Rubber Band Cart Launcher Lab

The BIG Question
      How are energy and velocity related?

• In Physics class this week, we tested to see how energy and velocity are related. To do this, we launched a glider at different distances on an air track. We measured the velocity using a Photogate Sensor, which detects the speed of the glider as it passes through. It works by creating an infrared beam and timing how long this beam is blocked by the glider. In order to get the most accurate data we possibly could, we leveled out the air track so that there no spontaneous movement of the glider. By turning the screw under the air track, we leveled the slope of the air track to make it flat.

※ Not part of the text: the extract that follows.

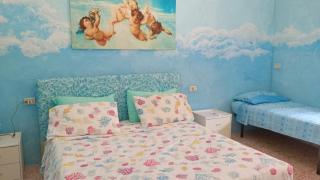 Appartamentino 2-4 posti letto - 6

• During the experiment we measured the velocity at 5 amounts of the rubber band stretched. Here are our calculations and data:                                                                                                                          

• Then we graphed our data using our Graphical Analysis App on our Ipads. Here's what our graph looked like:

• Post Analysis Questions:

1. The mass of the red cart is 0.38kg. How do you think the slope and the mass of the glider relate? 

• We found that the slope of the line, 0.147 v^2/J, is about 1/2 the mass of the cart. 

1. Can you derive an equation relating energy (KE), mass (m, and velocity (v^2)?

• To find our equation, we started the y = mx +b, the equation of a line. Then we plugged in the information we had with the variables we're supposed to use and got KE = .147 (v^2) + 0. Then using the answer to our first analysis question, we saw that mass has to be related. So we plugged 1/2 (mass) in for the slope and got KE = 1/2 (m) (v^2) as our final equation.

• Real Life Connection: In physics, the phrase "kinetic energy" is used to describe the energy of motion. Any object in motion possesses kinetic energy, and this energy can be controlled, transferred, and transformed to do work. A dancer holds much kinetic energy. Moving in a constant direction creates momentum. Momentum is mass in motion. The amount of momentum depends on the amount of mass moving and how fast that mass is moving. This shows how much or how little a dancer can have while performing. Momentum and speed, or mass and velocity, make up kinetic energy in a dancer.